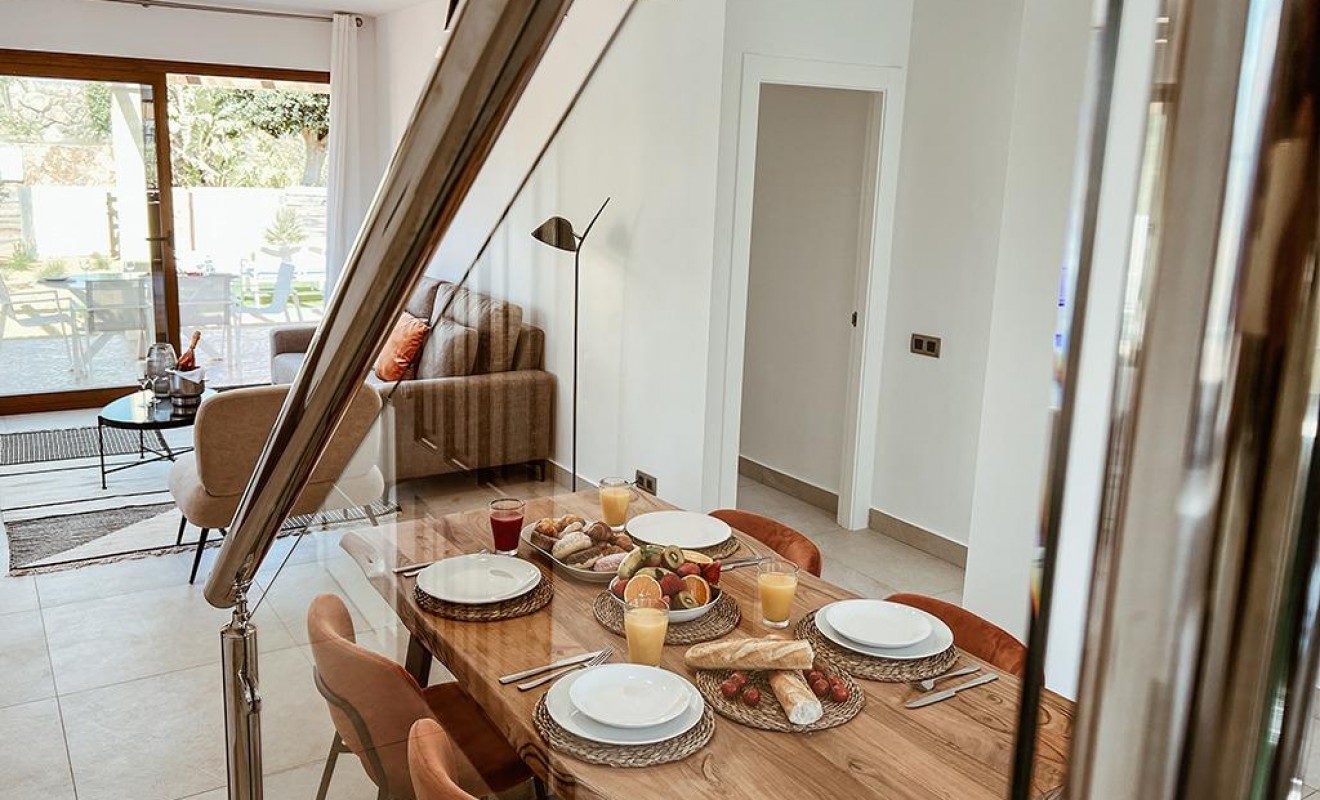 Nieuwbouw woningen - Villa - Cuevas Del Almanzora - Desert Springs Golf Club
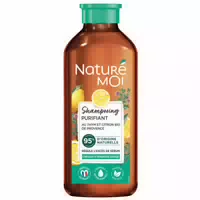 Naturé Moi Reinigender Shampoo Thymian und Zitrone Bio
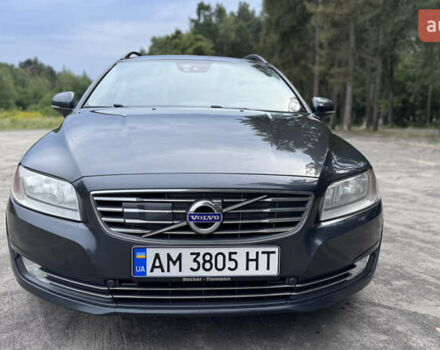 Вольво В70, объемом двигателя 2 л и пробегом 243 тыс. км за 11100 $, фото 4 на Automoto.ua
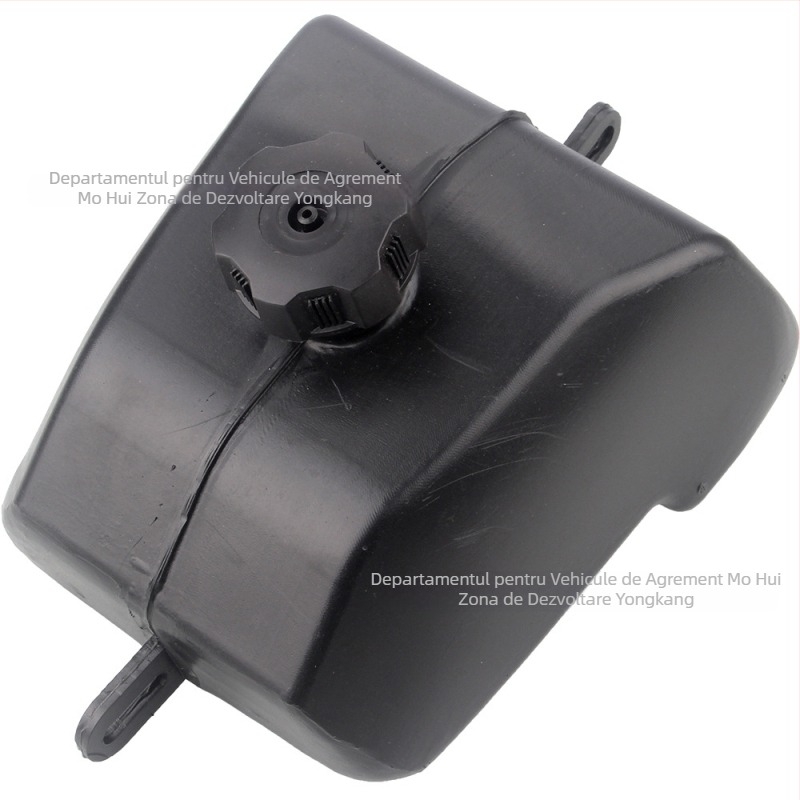 Capac rezervor carburant ATV, din plastic, compatibil Kazuma 50-110cc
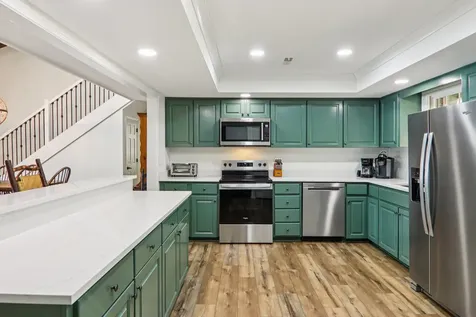 987 Cold Mountain Road Lake Toxaway NC 28747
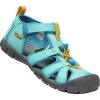 Sandály KEEN Seacamp II CNX K ipanema/fjord blue (Varianta produktu 27/28)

• _WHAT TO WORK ON_: From the first line to the last, repeat the records exactly. Leave out the pictures.

• _ANSWER SPACE_:
 Nieuwbouw woningen - Villa - Cuevas Del Almanzora - Desert Springs Golf Club
 Naturé Moi Reinigender Shampoo Thymian und Zitrone Bio
 Вольво В70, объемом двигателя 2 л и пробегом 243 тыс. км за 11100 $, фото 4 на Automoto.ua
 Capac rezervor carburant ATV, din plastic, compatibil Kazuma 50-110cc
 987 Cold Mountain Road Lake Toxaway NC 28747
 Sandály KEEN Seacamp II CNX K ipanema/fjord blue (Varianta produktu 27/28)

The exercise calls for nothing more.